*** Given data Section Begins ***

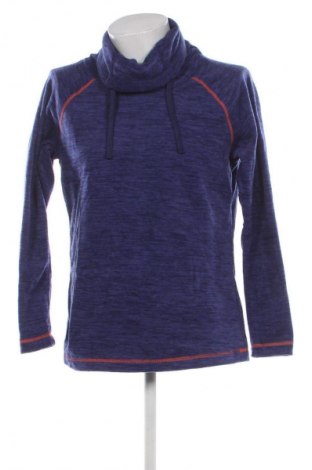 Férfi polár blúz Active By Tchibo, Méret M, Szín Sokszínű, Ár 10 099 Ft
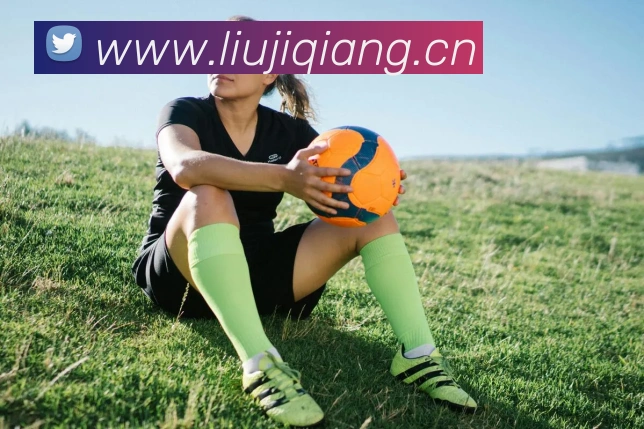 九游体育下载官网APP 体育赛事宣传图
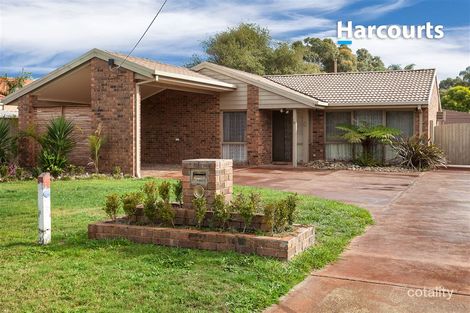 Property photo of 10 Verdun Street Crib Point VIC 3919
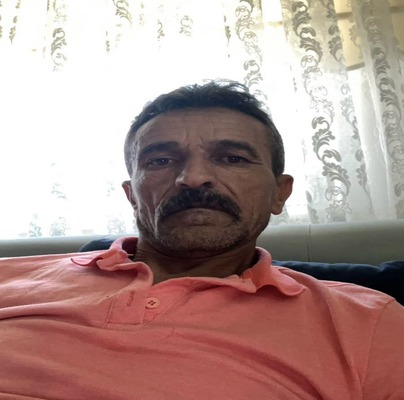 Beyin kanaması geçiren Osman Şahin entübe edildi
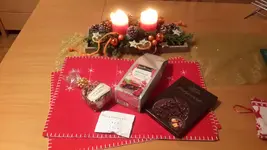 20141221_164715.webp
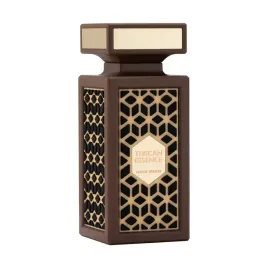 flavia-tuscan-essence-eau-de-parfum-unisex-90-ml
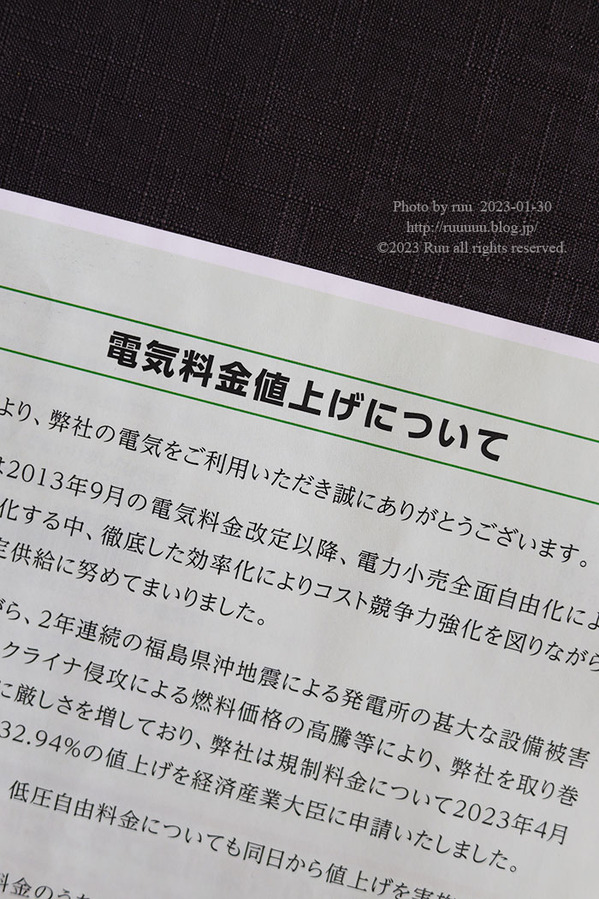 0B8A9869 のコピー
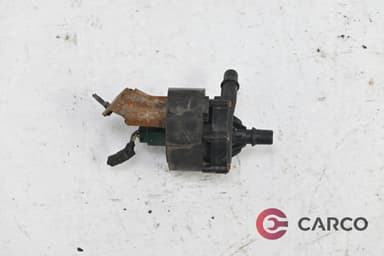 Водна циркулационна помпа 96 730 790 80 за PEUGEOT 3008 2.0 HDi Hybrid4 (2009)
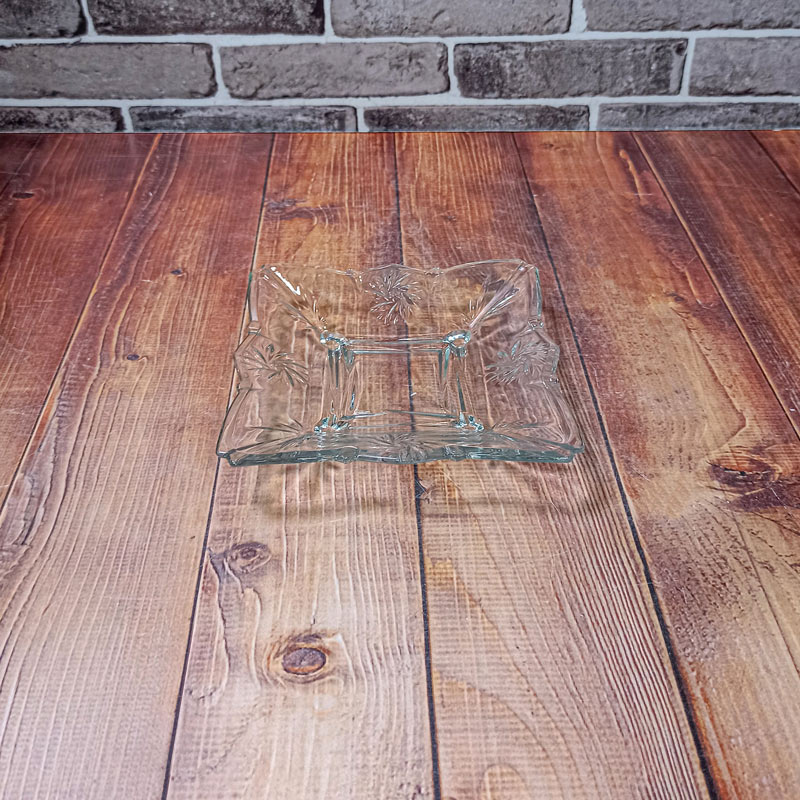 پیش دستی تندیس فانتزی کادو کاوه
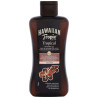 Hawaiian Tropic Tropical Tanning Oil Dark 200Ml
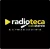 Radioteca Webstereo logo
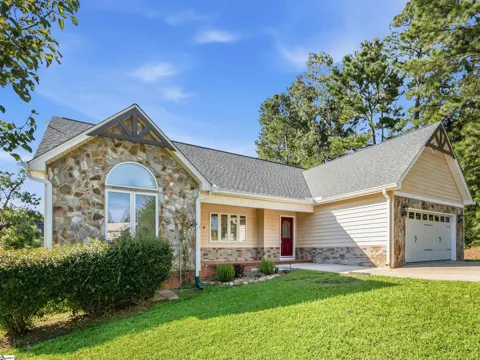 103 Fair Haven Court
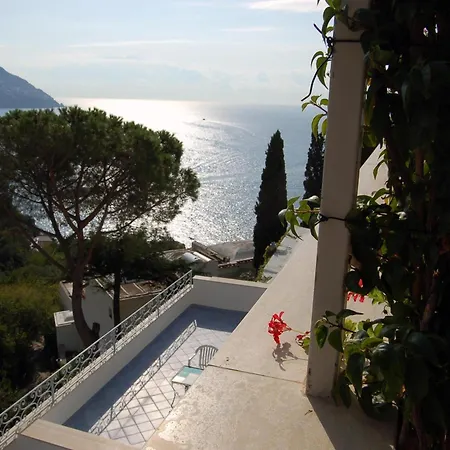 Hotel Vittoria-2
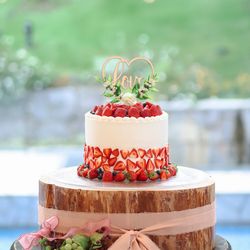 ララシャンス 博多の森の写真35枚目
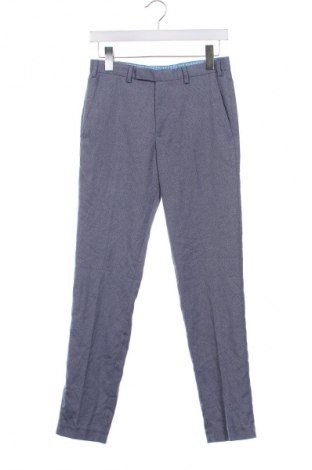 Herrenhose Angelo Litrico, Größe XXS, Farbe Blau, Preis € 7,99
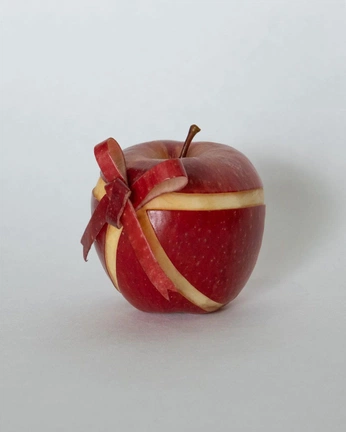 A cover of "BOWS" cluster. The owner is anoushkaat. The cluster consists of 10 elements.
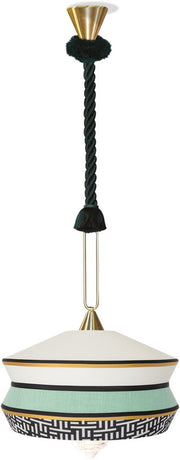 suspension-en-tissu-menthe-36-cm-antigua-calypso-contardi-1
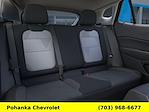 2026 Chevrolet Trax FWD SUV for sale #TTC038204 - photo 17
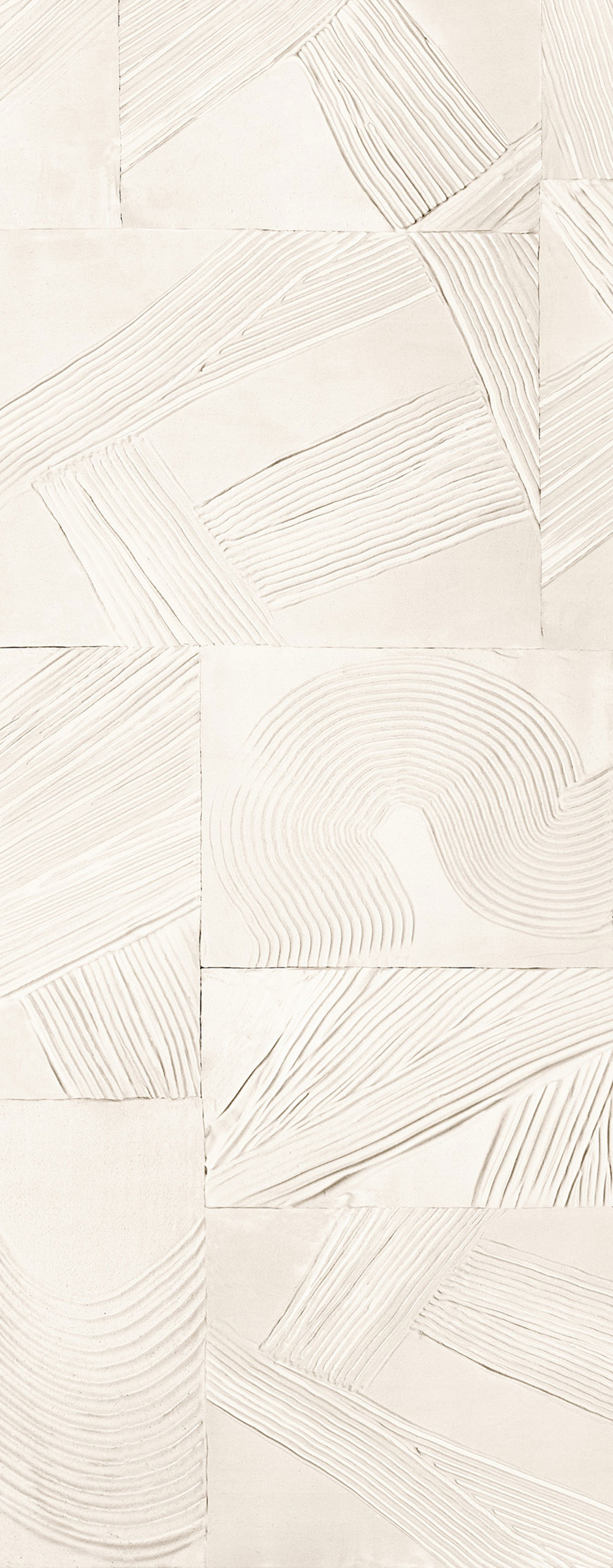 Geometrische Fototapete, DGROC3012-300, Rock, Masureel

*** Given data Section Ends ***
*** Given data Section Begins ***

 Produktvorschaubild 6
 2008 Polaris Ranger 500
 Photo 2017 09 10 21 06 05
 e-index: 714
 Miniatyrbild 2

*** Given data Section Ends ***
*** Given data Section Begins ***

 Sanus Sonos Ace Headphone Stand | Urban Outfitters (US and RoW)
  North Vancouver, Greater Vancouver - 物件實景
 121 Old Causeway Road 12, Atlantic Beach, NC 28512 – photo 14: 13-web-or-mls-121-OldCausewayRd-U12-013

*** Given data Section Ends ***

## Required action
In your answer, include only the lines above starting at the line that holds "Photo 2017 09 10 21 06 05" and ending at the line that holds "Miniatyrbild 2", copied exactly.

## Solution to the exercise
 Photo 2017 09 10 21 06 05
 e-index: 714
 Miniatyrbild 2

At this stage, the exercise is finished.